◆ **Source material**
——

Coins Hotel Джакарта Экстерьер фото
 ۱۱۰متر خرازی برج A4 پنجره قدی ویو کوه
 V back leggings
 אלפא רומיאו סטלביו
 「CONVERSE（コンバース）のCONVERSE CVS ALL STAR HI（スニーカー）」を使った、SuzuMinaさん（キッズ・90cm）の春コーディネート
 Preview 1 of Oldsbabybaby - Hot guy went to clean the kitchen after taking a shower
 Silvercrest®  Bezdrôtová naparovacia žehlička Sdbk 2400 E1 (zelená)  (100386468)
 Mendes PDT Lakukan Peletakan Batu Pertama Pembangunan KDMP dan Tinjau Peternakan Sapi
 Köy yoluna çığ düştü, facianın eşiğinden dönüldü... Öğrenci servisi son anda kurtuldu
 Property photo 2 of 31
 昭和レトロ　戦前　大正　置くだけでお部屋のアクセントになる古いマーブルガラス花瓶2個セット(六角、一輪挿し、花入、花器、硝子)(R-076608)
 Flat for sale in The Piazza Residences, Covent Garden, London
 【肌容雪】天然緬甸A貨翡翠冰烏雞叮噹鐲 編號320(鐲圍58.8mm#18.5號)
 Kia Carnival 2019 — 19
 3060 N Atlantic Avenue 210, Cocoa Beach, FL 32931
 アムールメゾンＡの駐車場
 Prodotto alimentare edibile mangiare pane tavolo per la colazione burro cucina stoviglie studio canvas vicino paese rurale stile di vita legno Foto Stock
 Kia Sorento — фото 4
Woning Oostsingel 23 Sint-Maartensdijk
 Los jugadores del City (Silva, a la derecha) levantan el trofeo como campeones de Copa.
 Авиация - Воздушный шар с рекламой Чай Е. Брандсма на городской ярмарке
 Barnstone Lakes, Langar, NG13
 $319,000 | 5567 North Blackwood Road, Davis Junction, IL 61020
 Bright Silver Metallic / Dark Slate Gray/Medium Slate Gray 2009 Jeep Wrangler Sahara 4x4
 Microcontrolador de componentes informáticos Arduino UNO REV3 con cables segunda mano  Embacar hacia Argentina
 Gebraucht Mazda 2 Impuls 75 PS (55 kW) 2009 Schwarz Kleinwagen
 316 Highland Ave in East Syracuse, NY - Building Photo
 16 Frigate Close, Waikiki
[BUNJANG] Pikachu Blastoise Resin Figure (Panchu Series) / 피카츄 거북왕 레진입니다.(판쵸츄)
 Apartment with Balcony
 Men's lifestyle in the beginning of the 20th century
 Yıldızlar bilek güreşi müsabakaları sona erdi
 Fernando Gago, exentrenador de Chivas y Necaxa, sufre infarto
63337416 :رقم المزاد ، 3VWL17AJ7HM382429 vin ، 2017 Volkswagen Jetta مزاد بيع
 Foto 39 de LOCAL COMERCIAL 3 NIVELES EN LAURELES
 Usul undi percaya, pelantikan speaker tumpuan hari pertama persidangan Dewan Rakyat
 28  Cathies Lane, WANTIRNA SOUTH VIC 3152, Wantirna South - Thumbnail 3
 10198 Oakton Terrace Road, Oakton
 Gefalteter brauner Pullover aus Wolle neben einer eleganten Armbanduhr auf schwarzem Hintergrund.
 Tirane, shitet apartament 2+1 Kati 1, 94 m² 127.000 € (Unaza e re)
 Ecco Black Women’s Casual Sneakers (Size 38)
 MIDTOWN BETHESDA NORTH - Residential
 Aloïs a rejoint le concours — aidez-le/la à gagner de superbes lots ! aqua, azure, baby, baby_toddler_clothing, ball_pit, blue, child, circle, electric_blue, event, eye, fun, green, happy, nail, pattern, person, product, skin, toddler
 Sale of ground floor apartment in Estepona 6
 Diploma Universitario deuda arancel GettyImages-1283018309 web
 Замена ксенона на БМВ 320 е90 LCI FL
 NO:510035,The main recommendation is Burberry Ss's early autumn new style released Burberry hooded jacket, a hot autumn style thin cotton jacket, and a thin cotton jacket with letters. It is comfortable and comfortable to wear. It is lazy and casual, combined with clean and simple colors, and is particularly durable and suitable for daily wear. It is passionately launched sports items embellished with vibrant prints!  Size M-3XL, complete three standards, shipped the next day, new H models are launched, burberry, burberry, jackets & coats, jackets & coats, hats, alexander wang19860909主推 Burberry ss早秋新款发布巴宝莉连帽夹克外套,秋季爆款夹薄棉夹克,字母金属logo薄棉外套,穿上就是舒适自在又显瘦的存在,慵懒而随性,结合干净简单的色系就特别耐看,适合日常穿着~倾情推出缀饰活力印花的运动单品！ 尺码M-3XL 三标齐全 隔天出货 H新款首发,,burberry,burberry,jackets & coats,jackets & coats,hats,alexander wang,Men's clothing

——

◆ **Exercise aim**
Start with the line above that contains "V back leggings" and stop after the line that contains "3060 N Atlantic". Output those lines exactly, and only those.

◆ **Response**
 V back leggings
 אלפא רומיאו סטלביו
 「CONVERSE（コンバース）のCONVERSE CVS ALL STAR HI（スニーカー）」を使った、SuzuMinaさん（キッズ・90cm）の春コーディネート
 Preview 1 of Oldsbabybaby - Hot guy went to clean the kitchen after taking a shower
 Silvercrest®  Bezdrôtová naparovacia žehlička Sdbk 2400 E1 (zelená)  (100386468)
 Mendes PDT Lakukan Peletakan Batu Pertama Pembangunan KDMP dan Tinjau Peternakan Sapi
 Köy yoluna çığ düştü, facianın eşiğinden dönüldü... Öğrenci servisi son anda kurtuldu
 Property photo 2 of 31
 昭和レトロ　戦前　大正　置くだけでお部屋のアクセントになる古いマーブルガラス花瓶2個セット(六角、一輪挿し、花入、花器、硝子)(R-076608)
 Flat for sale in The Piazza Residences, Covent Garden, London
 【肌容雪】天然緬甸A貨翡翠冰烏雞叮噹鐲 編號320(鐲圍58.8mm#18.5號)
 Kia Carnival 2019 — 19
 3060 N Atlantic Avenue 210, Cocoa Beach, FL 32931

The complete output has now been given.